Anyway, my prefered set up was a humbucker in the bridge position (custom wound pickup that was made for me back in the late 80's) and the bridge pickup out of a 70's strat in the neck position.

I was always playing explorers, flying V's, Iceman type guitars and always just had to shoe-horn the single coil into the humbucker bezel. I want to see if I can avoid that by just coil tapping a humbucker.

So my question is, which humbucker sounds most like a strat pickup when coil tapped? That sort of 'deep and bright' thing that old strats tend to have.
 
I know. The only reason I never used that was because it didn't exist 25 years ago when I started doing it and I had the same two main guitars until I was done playing.
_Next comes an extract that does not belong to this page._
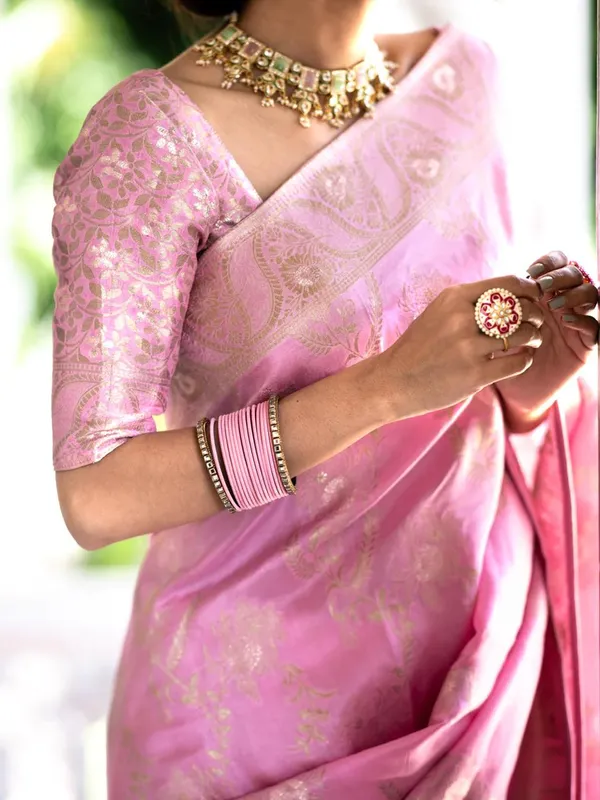Onion_Pink_Banarasi_Silk_Traditional_Wear_Saree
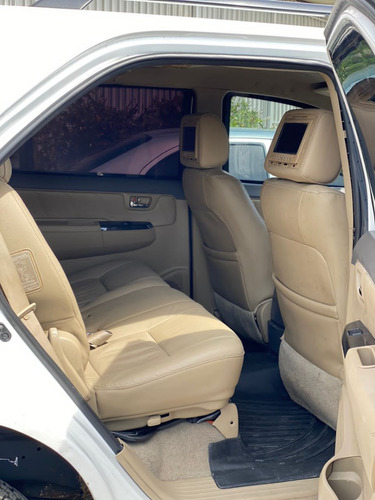 Imagen 10 de 11 de Toyota Fortuner 4x4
If it aint broke...

If at all possible, I would like to keep the stock look of the guitar AND add the humbucking neck pickup sound to arsenal.
 
So my question is, which humbucker sounds most like a strat pickup when coil tapped? That sort of 'deep and bright' thing that old strats tend to have.
None of them, especially not an "old strat" sound. Half a humbucker does not equal a single coil; the construction is different. A good single coil will have pole pieces that are magnets themselves. A humbucker will have plain metal pole pieces with bar magnets on the bottom (the same way really cheap single coils are made - ie the ones that don't sound right). They work differently and sound different as a result. You might find something that sounds okay, but you'll never get a proper single coil tone from half a humbucker.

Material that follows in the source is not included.